I’m using wandb in a Gradient Paperspace notebook, running it from the terminal.
I’ve found anyone else with this issue, so it may be something wrong at my side.
Do you have any idea of what the problem might be?
Hi @ogait , in your project workspace, under the overview page for the sweep/runs associated with the sweep, what is the status of those sweeps/runs? Additionally, we can take a look at your debug bundles to verify if there is anything that is causing issues. They are the debug.log and debug-internal.log files located in the working directory of the project inside the wandb folder of the runs. Please provide logs for the runs where you are seeing issues.
Hello Mohammad thanks for the response.
When this happens, both the sweep and the run status is “running”.
Here is an example of debug.log and debug-internal.log (unfortunately the files are too big to be included in this message): Easyupload.io - Upload files for free and transfer big files easily.
Hi @ogait , thank-you for providing the files. After review it appears this is due to a performance related bug on our end where the run exit response hangs until all the run data syncs, example. [wandb_run.py:_on_finish():2221] got exit ret: None. This bugs shows up in runs with a lot of .log calls. The bug is currently in Selected For Development. I will update you here when there has been movement.
Thanks for the update Mohammad!
Can I do something to reduce the number of log calls?

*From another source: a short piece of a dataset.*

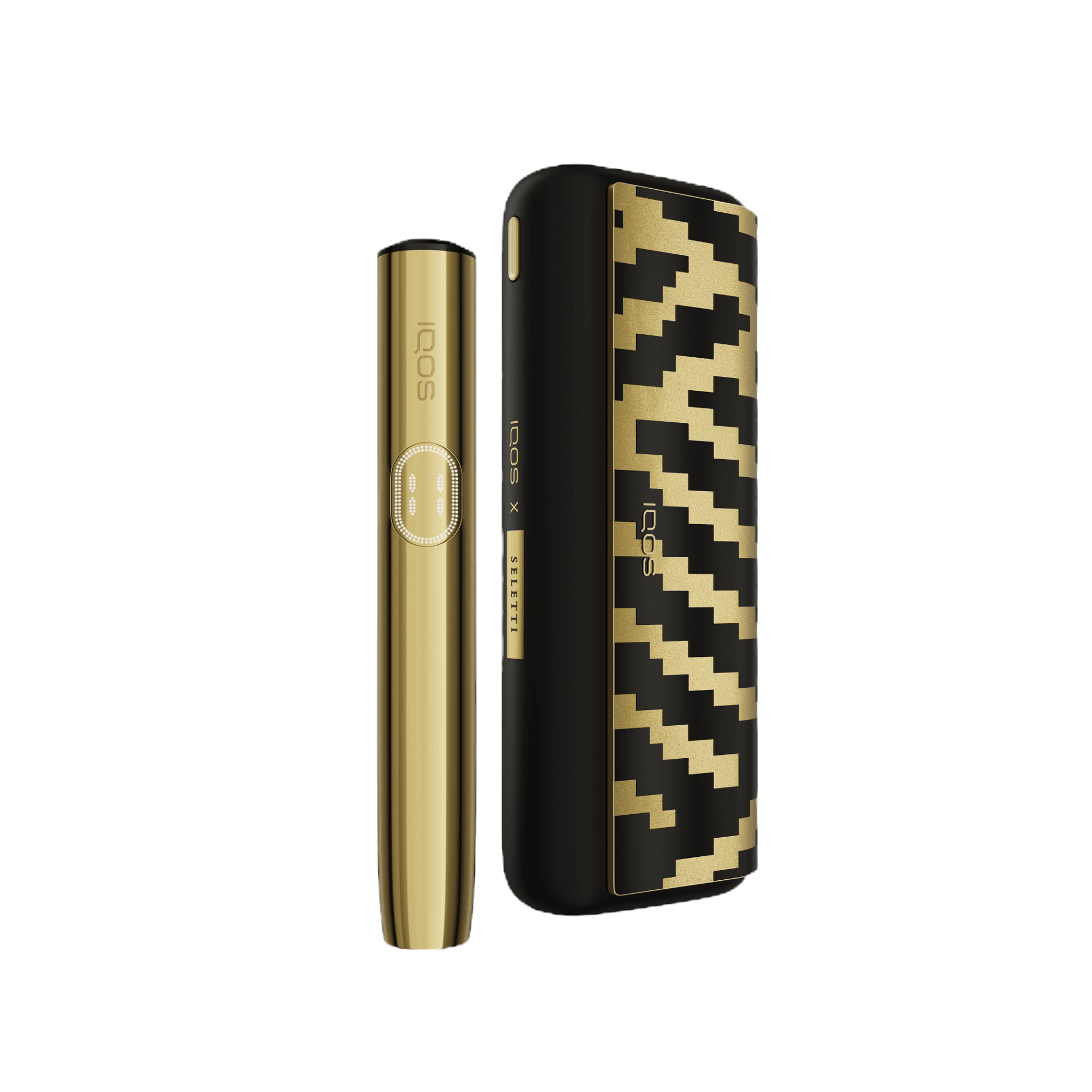 IQOS ILUMA I Prime Seletti Limited Edition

I am using fastai with the following callback WandbCallback(log_model=False, log_preds=False) and at the end of training I use wandb.summary to save six simple variables.
A few years ago, you reached out to us regarding wandb syncing data at a very slow rate. I am pleased to announce that our engineering team has worked hard to rebuild our SDK from the ground up with a focus on significant performance improvements with up to 88% gain when logging through multiple processes. To try out our new SDK, upgrade to wandb ≥ v0.17.3 and add wandb.require("core") to your scripts for improved logging performance. We would love to have you try it out and give us your thoughts on the impact it has had on your experiment runs. If you have any questions please let us know.